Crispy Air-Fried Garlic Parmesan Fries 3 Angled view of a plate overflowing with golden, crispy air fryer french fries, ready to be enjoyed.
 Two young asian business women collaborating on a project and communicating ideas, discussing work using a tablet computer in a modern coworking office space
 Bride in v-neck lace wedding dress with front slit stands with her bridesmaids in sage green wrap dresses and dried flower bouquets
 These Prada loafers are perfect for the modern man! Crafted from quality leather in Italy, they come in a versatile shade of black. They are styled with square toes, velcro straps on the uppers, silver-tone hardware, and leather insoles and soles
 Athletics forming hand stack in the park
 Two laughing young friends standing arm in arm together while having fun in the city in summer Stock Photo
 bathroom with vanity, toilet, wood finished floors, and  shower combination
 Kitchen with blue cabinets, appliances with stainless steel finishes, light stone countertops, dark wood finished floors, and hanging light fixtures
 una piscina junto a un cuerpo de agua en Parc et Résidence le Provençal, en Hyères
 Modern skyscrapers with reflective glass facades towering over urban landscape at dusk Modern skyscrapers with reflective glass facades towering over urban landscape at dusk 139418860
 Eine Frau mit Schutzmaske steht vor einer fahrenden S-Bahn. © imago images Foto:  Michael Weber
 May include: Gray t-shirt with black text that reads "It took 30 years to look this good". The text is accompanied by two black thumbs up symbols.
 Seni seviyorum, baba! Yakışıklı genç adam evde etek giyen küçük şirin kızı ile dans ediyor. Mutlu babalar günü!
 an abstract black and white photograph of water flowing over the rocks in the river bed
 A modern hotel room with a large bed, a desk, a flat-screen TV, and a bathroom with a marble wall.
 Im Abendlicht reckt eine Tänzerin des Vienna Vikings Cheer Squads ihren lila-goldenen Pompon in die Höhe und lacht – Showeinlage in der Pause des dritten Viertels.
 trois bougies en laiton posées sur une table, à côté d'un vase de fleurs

•••

Make a copy of each line in the records that has the word "bathroom".

 bathroom with vanity, toilet, wood finished floors, and  shower combination
 A modern hotel room with a large bed, a desk, a flat-screen TV, and a bathroom with a marble wall.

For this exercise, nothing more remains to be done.